CCS storage has not yet been proven to be safe in the long run and there’s no telling if that carbon could later escape into the atmosphere and wreak havoc.
While it’s a nice idea, the filtering of heavy industry and fossil fuel burning is essentially a band-aid that allows for a longer-term reliance on fossil fuels. CCS plants and technologies also have to be powered somehow (guess what by?) and are beloved by those who want to delay a transition to clean energy.
Does Carbon Capture Work?
Carbon capture technologies have been around for a long time but only recently have received a lot of renewed interest as industries and governments realise we need to use every available option to reduce CO2 into the atmosphere.
Billions of dollars around the world — including in Australia — have been spent trying to get carbon capture to work. We really want this to work, not only because it will allow fossil fuel industries to continue generating millions of dollars in profit, but because we genuinely need all the help we can get when it comes to climate change.
Unfortunately, pretty much every time we’ve tried it, it either hasn’t worked or has cost far more than switching to renewable energy would.

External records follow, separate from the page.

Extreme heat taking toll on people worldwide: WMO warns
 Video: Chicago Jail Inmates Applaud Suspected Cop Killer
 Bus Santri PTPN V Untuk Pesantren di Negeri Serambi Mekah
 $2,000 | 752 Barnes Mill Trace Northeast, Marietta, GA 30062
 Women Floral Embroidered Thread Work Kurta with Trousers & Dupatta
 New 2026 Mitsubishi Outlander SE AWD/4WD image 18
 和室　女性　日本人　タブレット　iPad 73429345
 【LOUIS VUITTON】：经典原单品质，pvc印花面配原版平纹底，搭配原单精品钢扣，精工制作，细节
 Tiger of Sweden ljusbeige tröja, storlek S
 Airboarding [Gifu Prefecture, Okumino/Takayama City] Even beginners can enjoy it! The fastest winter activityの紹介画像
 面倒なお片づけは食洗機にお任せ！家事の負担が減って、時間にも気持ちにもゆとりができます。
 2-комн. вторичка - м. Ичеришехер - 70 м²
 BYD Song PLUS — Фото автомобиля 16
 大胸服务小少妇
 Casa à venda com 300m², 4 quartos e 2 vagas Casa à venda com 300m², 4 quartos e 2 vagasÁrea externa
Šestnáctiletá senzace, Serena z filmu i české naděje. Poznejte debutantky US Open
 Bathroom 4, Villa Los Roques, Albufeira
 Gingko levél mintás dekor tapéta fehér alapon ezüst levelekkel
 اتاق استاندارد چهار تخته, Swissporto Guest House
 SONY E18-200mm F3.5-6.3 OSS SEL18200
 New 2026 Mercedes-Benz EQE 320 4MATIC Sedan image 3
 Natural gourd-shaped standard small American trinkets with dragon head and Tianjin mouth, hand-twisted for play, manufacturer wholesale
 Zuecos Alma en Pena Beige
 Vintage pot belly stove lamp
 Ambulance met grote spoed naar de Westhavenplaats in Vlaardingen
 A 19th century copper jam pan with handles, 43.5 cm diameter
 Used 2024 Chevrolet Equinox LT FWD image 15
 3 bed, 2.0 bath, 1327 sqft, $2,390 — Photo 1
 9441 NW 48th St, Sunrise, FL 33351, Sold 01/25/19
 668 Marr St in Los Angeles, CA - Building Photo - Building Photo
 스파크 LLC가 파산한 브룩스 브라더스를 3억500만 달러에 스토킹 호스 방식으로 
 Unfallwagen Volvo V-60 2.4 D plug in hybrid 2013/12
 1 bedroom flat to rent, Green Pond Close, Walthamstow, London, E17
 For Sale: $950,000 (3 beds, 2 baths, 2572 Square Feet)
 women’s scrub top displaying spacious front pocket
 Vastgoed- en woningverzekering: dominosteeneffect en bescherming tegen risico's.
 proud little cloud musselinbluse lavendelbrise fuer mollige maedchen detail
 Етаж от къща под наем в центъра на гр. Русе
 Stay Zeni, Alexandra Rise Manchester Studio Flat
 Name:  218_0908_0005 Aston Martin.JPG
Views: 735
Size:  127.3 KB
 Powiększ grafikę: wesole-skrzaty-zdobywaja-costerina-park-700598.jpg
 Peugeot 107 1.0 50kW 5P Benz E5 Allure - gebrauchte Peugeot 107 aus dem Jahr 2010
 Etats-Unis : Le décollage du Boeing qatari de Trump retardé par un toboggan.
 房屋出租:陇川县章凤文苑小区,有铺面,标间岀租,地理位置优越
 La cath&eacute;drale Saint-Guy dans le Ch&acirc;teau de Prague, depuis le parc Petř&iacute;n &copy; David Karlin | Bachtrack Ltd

Chevron CCS experiment at the Gorgon gas facility in Western Australia is one of the first our nation tried.
It was taxpayer-funded, to the tune of $60 million under the Low Emissions Technology Development Fund, and was supposed to begin operation just after the plant began processing gas in 2016.
In the terms of the deal signed with the Western Australian government, Chevron was supposed to capture 80% of the emissions from the underwater liquefied natural gas field over a five-year period and inject them into a reservoir 2km underground.
However, due to technical issues, leaks, and failures at the plant, the carbon capture system remained offline three years after the LNG plant got going. That plant then became the source of over half the increase in Australia’s annual carbon dioxide emissions and Chevron may have to pay $100 million in fines for failing to meet the terms of the agreement. It was described as both a test case for future carbon capture technologies and a “shocking failure”.
Australia is warming at a much faster rate than the rest of the world. While the planet appears to have warmed by 1.1 degrees Celsius above pre-industrial levels, Australia has warmed by an average of 1.4. This is still at the lower end of where the IPCC believes we will end up if we don’t act drastically and we don’t know what the fallout of even this level of warming has for our country.
The idea that we are going to rely on CCS technology to save us when there are so many better, cheaper options available to us right now is a symptom of the current administration’s ideological commitment to profit over the planet.
Unless they are dragged kicking and screaming back into the real world, it’s unlikely that Australia will be able to deliver on targets anywhere near what IPCC scientists say we need in order to mitigate the ongoing effects of the climate emergency.